Patrick Gauchat (22 May 1968) is a Swiss General Officer. He is the first Swiss to lead a UN Mission.

== Military career ==
=== Training and first command ===

Promotions
- 1997 Captain
- 2004 Major
- 2006 Lieutenant Colonel
- 2009 Colonel
- 2017 Major General

After training, Gauchat took command of a mountain fusilier company (1997).

=== Service as a staff officer ===
As a staff officer, he performed various commanding duties, including commander of a mountain infantry battalion (2006-2008), deputy commander of the Tenth Mountain Infantry Brigade 10 (2014–2015) and deputy commander of Territorial Division 1 (2016–2017).

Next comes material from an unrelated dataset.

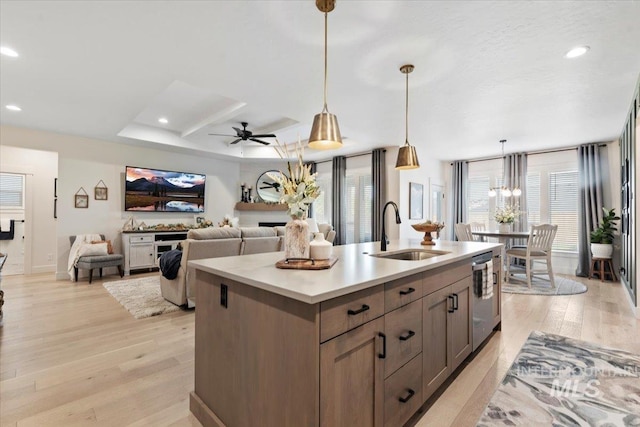 203 S Fusion Ave, Kuna, ID 83634 - kitchen featuring a sink, dishwasher, light wood-style flooring, light countertops, and an island with sink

=== Service in the rank of general ===
In 2017, he was appointed head of the Swiss delegation to the Neutral Monitoring Commission for the Armistice between the Two Koreas (NNSC).
In 2021, he was appointed head of the UN peacekeeping mission United Nations Truce Supervision Organization supervising ceasefires in Middle East (UNTSO).

=== Overseas assignments===
- 2000 UN Military Observer, UNTSO, Middle East
- 2004 Deputy Head of the Swiss Delegation NNSC, Korea
- 2009 Head of Peacebuilding MONUSCO, later: MONUSCO, Congo und Somalia
- 2011 Deputy Head of Mission UNTSO in Jerusalem
- 2013 Commander Sector North (JRD-N) at NATO's KFOR-Mission in Kosovo
- 2014 Senior Officer Middle East and Asia, HQ at UN, New York City
- 2017 Head of the Swiss delegation to the Neutral Nations Supervisory Commission (NNSC) (Korea)
- 2021 Head of Mission/Chief of Staff UNTSO

== Private life ==
Gauchat holds engineering degree from the École Polytechnique Fédérale de Lausanne and is fluent in German, English, French, and Spanish.